Also, meter patterns successive on time axis are developed with velocity
and pitch of a voice not dependent on phonemes, and a voice waveform is
generated based on the meter patterns and the voice tone data selected
with information indicating a type of and attribute of voice tone in
voice-generating information, so that a voice can be reproduced with the
voice tone having the highest similarity without using inappropriate voice
tone even if directly specified voice tone is not prepared therein, and
also displacement in pitch patterns does not occur when a voice waveform
is generated, whereby it is possible to reproduce a voice with high
quality.
In the embodiment and each of the modifications, voice tone data is
selected by specifying pitch and velocity of a voice not dependent on
phonemes, however, as far as only the selection of voice tone data is
concerned, even if the pitch and velocity of a voice are not dependent on
phonemes, the voice tone data optimal to voice-generating information
required for synthesizing a voice can be selected in the voice tone
section 41 (voice tone section 43). It is possible to reproduce a voice
with high quality in this level.
As explained above, with a regular voice synthesizing apparatus according
to the present invention, meter patterns are developed successively in the
direction of time axis according to velocity and pitch of a voice not
dependent on phonemes, and a voice waveform is generated according to the
meter patterns as well as to voice tone data selected according to
voice-generating information; whereby the voice can be reproduced with a
preferable type of voice tone without limiting voice tone to any
particular one, also displacement in patterns for the pitch of a voice is
not generated when the voice waveform is generated. As a result, there is
provided the advantage that it is possible to obtain a regular voice
synthesizing apparatus enabling reproduction of a voice with high quality.

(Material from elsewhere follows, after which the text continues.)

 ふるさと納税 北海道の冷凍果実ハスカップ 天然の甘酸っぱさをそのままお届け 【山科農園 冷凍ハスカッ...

With a regular voice synthesizing apparatus according to the present
invention, meter patterns are developed successively in the direction of
time axis according to velocity and pitch of a voice not dependent on
phonemes, and a voice waveform is generated according to the meter
patterns as well as to voice tone data selected according to information
indicating types of voice tone included in voice-generating information;
whereby the voice can be reproduced with a most suitable type of voice
tone specified directly from a plurality of types of voice tone without
setting limit to a specified voice tone. Also, a displacement in patterns
for the pitch of a voice is not generated when the voice waveform is
generated. As a result, there is provided the advantage that it is
possible to obtain a regular voice synthesizing apparatus enabling
reproduction of a voice with high quality.

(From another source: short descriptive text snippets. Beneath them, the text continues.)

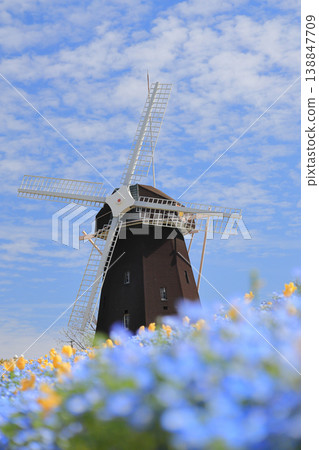Windmill Hill at Tsurumi Ryokuchi Flower Expo Memorial Park (Tulips and Nemophila) Windmill Hill at Tsurumi Ryokuchi Flower Expo Memorial Park (Tulips and Nemophila) 138847709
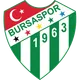 Logo of Bursaspor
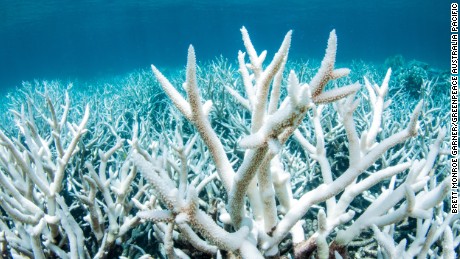 Great Barrier Reef &#39;cooking and dying&#39; as seas heat up, warn scientists 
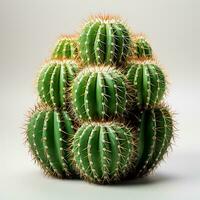 Cactus fruit green color white background photo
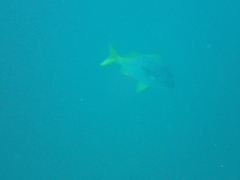 Anisotremus espinozai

With a regular voice synthesizing apparatus according to the present
invention, meter patterns are developed successively in the direction of
time axis according to velocity and pitch of a voice not dependent on
phonemes, and a voice waveform is generated according to the meter
patterns as well as to voice tone data selected according to similarity
based on information indicating an attribute of voice tone included in
voice-generating information; whereby the voice can be reproduced with a
type of voice tone having highest similarity without using unsuitable
types of voice tone, also displacement in patterns for the pitch of a
voice is not generated when the voice waveform is generated. As a result,
there is provided the advantage that it is possible to obtain a regular
voice synthesizing apparatus enabling reproduction of a voice with high
quality.
With the a regular voice synthesizing apparatus according to the present
invention, meter patterns are developed successively in the direction of
time axis according to velocity and pitch of a voice not dependent on
phonemes, and a voice waveform is generated according to the meter
patterns as well as to voice tone data selected according to information
indicating a type and attribute of voice tone included in voice-generating
information; whereby the voice can be reproduced with a type of voice tone
having highest similarity without using an unsuitable type of voice tone
even though there is not a directly specified type of the voice tone, also
displacement in patterns for the pitch of a voice is not generated when
the voice waveform is generated. As a result, there is provided the
advantage that it is possible to obtain a regular voice synthesizing
apparatus enabling reproduction of a voice with high quality.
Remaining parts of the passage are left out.